Short web captions
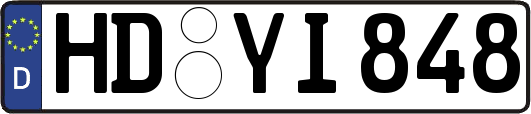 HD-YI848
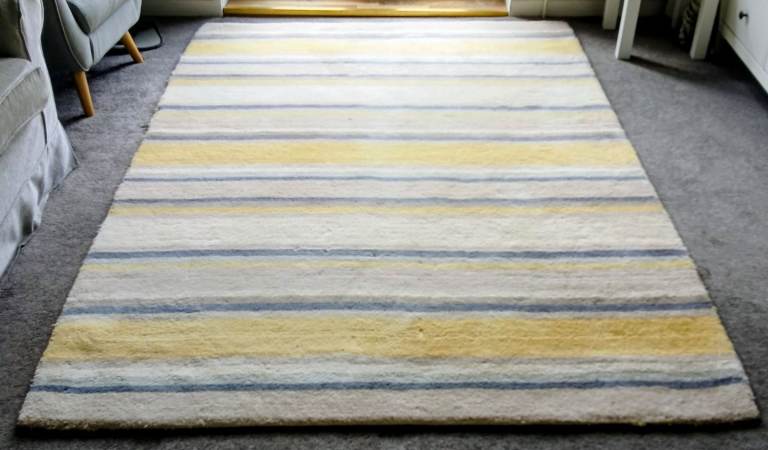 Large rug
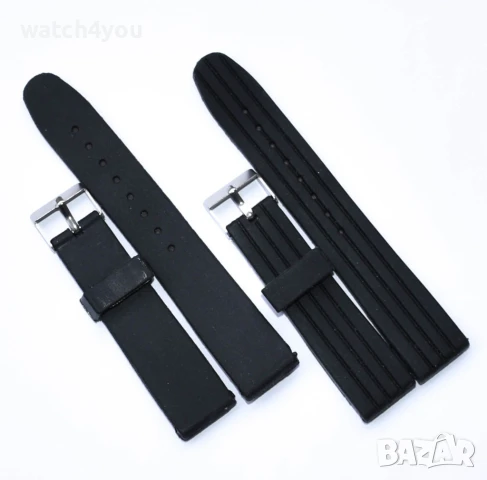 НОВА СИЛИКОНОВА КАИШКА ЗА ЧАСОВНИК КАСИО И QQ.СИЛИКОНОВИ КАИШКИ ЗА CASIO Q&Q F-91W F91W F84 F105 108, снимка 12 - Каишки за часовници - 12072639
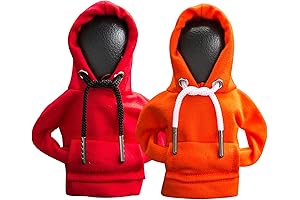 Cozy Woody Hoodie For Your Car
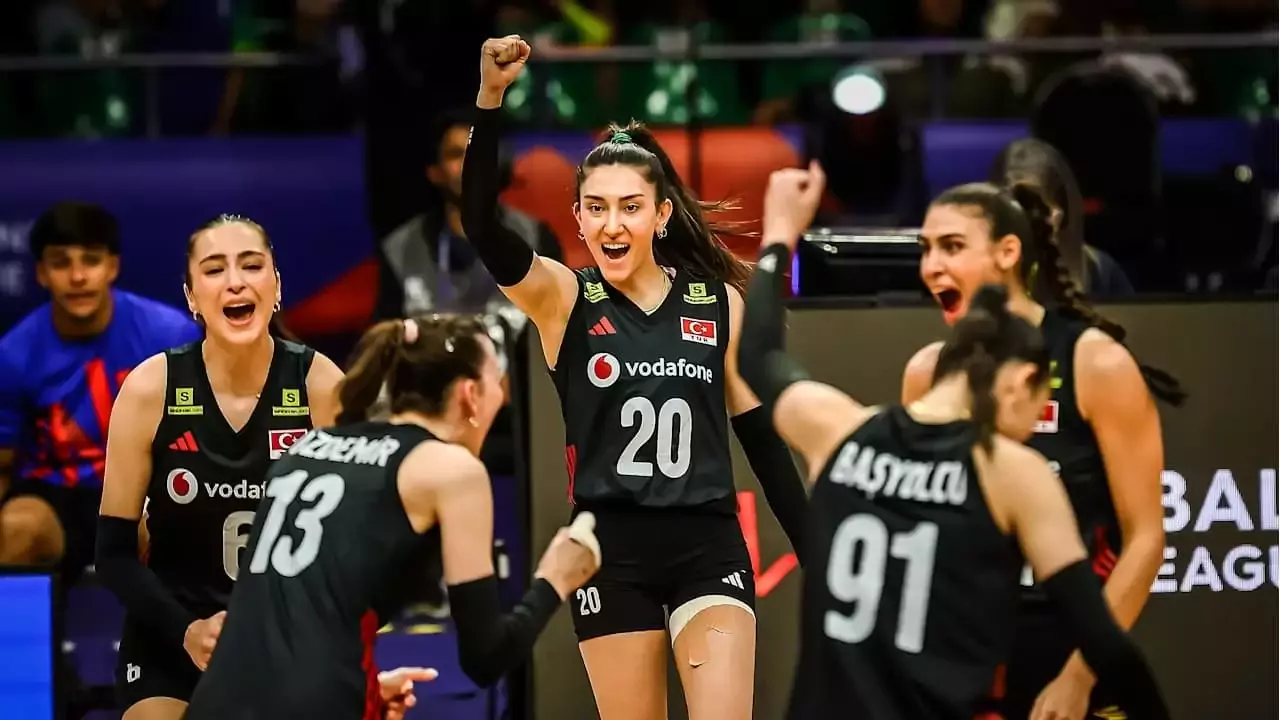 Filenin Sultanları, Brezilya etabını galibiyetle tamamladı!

-- What to produce --
Transcribe the records above exactly as they appear, leaving out any pictures.

-- Expected output --
 HD-YI848
 Large rug
 НОВА СИЛИКОНОВА КАИШКА ЗА ЧАСОВНИК КАСИО И QQ.СИЛИКОНОВИ КАИШКИ ЗА CASIO Q&Q F-91W F91W F84 F105 108, снимка 12 - Каишки за часовници - 12072639
 Cozy Woody Hoodie For Your Car
 Filenin Sultanları, Brezilya etabını galibiyetle tamamladı!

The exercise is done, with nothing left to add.